WASHINGTON (Reuters) - A Pakistani national pleaded guilty on Friday in a U.S. court to conspiring to commit export violations in a scheme to illegally transfer nuclear-related materials to his home country from the United States.
The Justice Department said Nadeem Akhtar, 46, who lives in Silver Spring, Maryland, a Washington suburb, entered the guilty plea at a court hearing in Baltimore, Maryland, as part of a deal with federal prosecutors.
Under his plea agreement, Akhtar, who owned a company called Computer Communication USA, admitted that he and his conspirators used the firm from 2005 through 2010 to obtain or attempt to get various nuclear-related devices and equipment.

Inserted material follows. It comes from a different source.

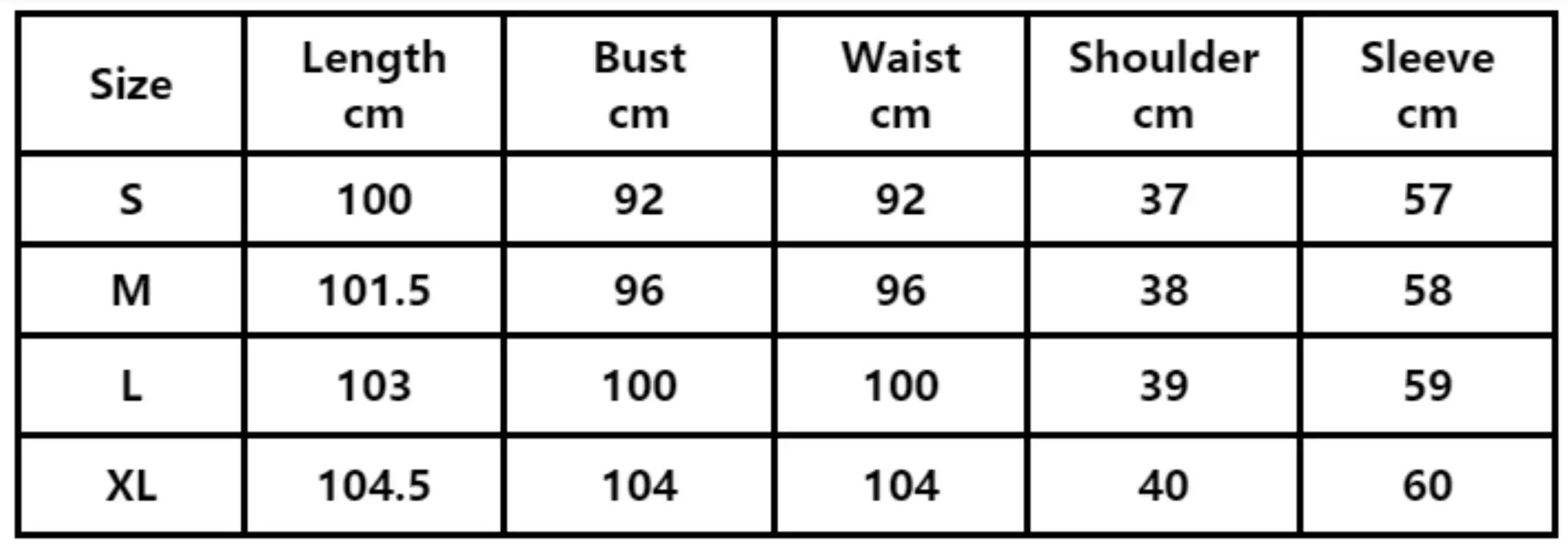 Autumn and winter new brand women's jacket belt slim long mohair woolen coat A-Line glamour fashion high quality outwear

The items, which included radiation detection devices, resins for coolant water purification and calibration and switching equipment, had a value of more than $400,000.
The Justice Department said Akhtar took direction from the owner of a trading company located in Karachi who had business relationships with Pakistani government entities.
It said Akhtar's co-conspirators included individuals in Pakistan, the United Arab Emirates and New York associated with the owner of the Pakistani trading company.
Washington has long been concerned with Pakistan's nuclear program, which included the development of atomic weapons and added to regional tensions with its longtime rival, India.
Akhtar faces a maximum sentence of five years in prison and a $250,000 fine at his sentencing scheduled on January 6.